3. Financial Compliance

The company must not be in default concerning the submission of essential documents such as Financial Statements, Annual Returns, or any other filings due to the Registrar.

4. Debentures and Deposits

Another vital requirement is that the company must not be in default regarding the repayment of debentures, matured deposits, or the payment of interest on debentures or deposits. 

Procedure for Conversion of Public Company to Private Company

The following outlines the procedural details for this conversion of Public Company to Private Company process:

Step 1: Notice for Board Meeting

The company initiates the process by sending a notice to its directors and this has to be dispatched at least 7 days prior to the meeting date.

Step 2: Board Meeting

  • The company conducts the Board Meeting in accordance with the rules stipulated under Section 173 of the Companies Act, 2013.
  • The Board Meeting addresses several crucial aspects, including:
  • Consideration of the proposal for converting the Public Company into a Private Company.
  • Approval of amendments in the Memorandum of Association and Articles of Association, pending member’s approval through a special resolution.

Step 3: Notice for General Meeting

The company sends a notice to convene a General Meeting at least 21 days before the meeting date. The purpose of this meeting is to obtain approval for the items discussed in Step 2. The approval is achieved through the passage of a special resolution.

Step 4: General Meeting

  • The General Meeting is held, during which approval is sought for the Conversion of Public Company into a Private Company.
  • Consent for the alteration in MoA and AoA is secured through the passage of a special resolution.
  • Compliance with quorum requirements is verified.
  • Auditor presence is confirmed as per Section 146 of the Companies Act, 2013.

Step 5: Filing Form MGT-14

  • Within 30 days of passing the special resolution, the company files Form MGT-14.
  • The form should be accompanied by several documents, including:
  • Certified copy of the altered MoA.
  • Certified copy of the altered AoA.
  • Notice of the General Meeting along with an explanatory statement.
  • Certified copy of the passed special resolution.

Step 6: Application to the Regional Director (RD)

Within 60 days of passing the special resolution, the company submits an application to the RD using e-Form RD-1.

The application must include:

  • Copies of MoA and AoA with proposed alterations.
  • Minutes of the General Meeting.
  • Board Resolution authorising the Conversion.
  • List of creditors and debenture holders.

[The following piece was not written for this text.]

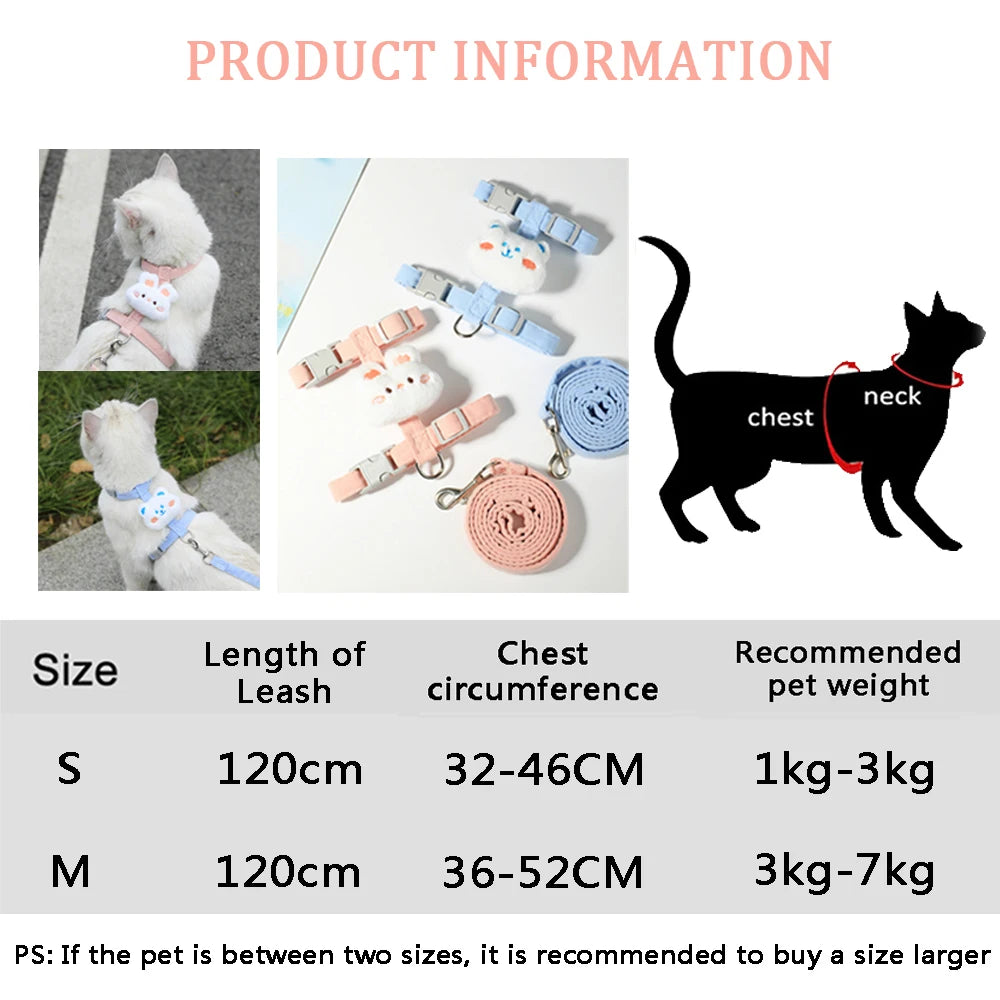 Adjustable small dog harness leash set for cats and puppies with breathable strap, size chart, and chest fit guide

Step 7: Submission of Creditor and Debenture Holder List

  • It is necessary to attach a list of creditors and debenture holders to the application.
  • Simultaneously, an application must be advertised in Form INC-25A in local and English newspapers.

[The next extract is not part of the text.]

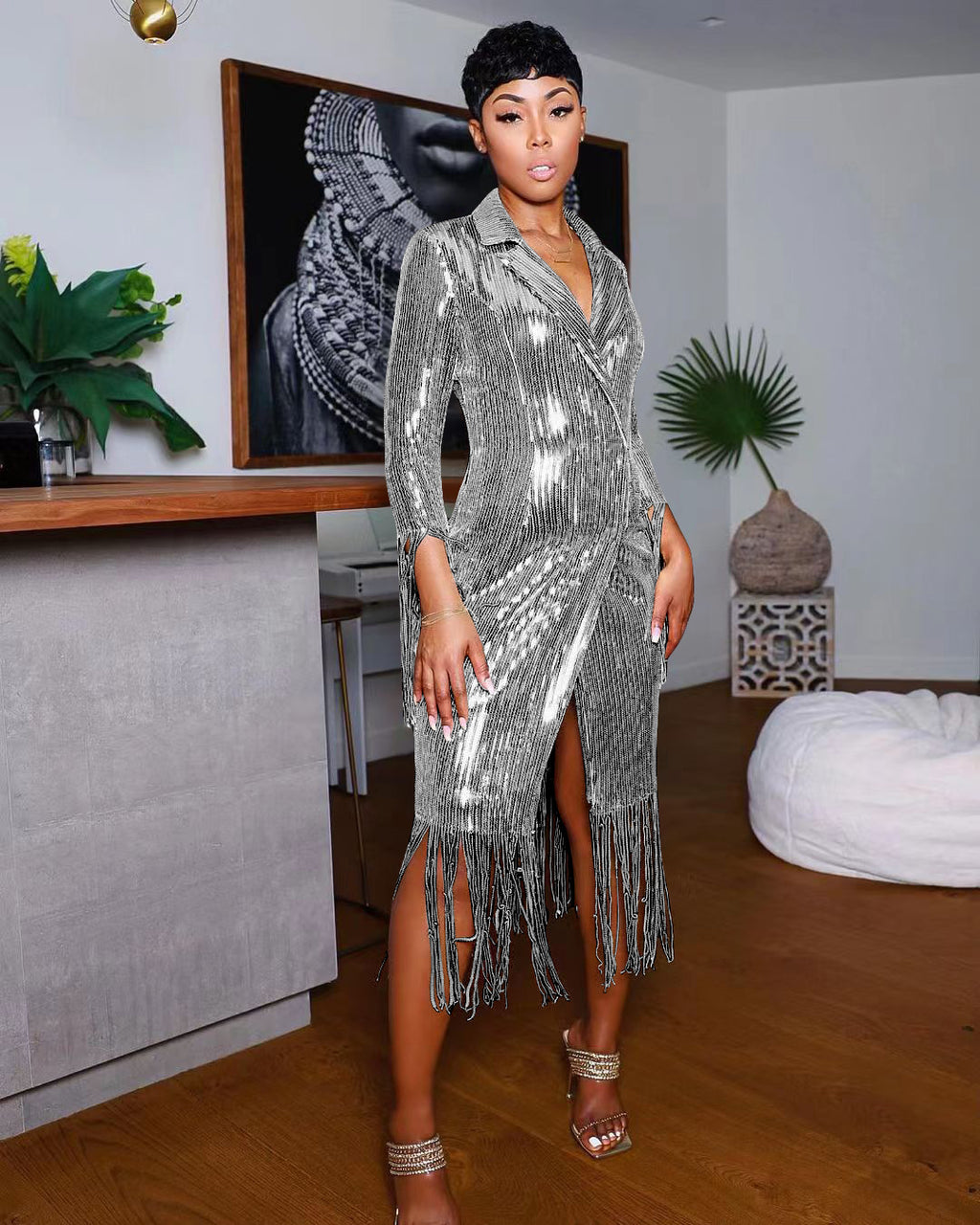 Casual Solid Color Tassel Sequ Long Dress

Step 8: RD Application and Approval Process

  • As per Rule 41(1), the e-Form RD-1 application for conversion must be submitted to the RD within 60 days from the special resolution date.
  • The RD has the authority to reject the application if resubmissions are not made within 30 days of being requested. Up to two resubmissions are allowed.
  • The RD may request additional information after the initial submission.
  • If no objections arise from the advertisement and the application is complete, RD can issue orders without a hearing. 

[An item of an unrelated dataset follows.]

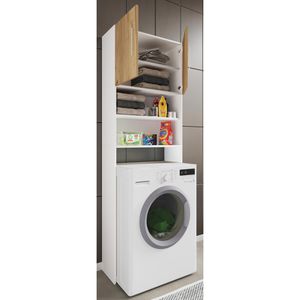 Produktbild für Waschmaschinenschrank VCM Jutas 919461, eiche / weiß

Step 9: Conversion Approval and Filing

  • Upon RD approval, an order is issued for the conversion.
  • This order is filed in Form INC-28 with the Registrar of Companies (RoC) within 30 days from the order’s date.

The entire process involves meticulous adherence to legal guidelines and timely submissions to achieve a successful conversion of Public Company to Private Company.

Final Thoughts

The conversion of Public Company to Private Company offers many advantages including controlled share transfer, enhanced ownership control, simplified compliance, confidentiality, efficient decision-making, and tailored business strategies. The flexibility to grant loans to directors without extensive approvals and the exemption from mandatory statutory meetings further simplify its operations.  This transition promotes a more focused, responsive, and private business environment that aligns with the specific goals of entrepreneurs.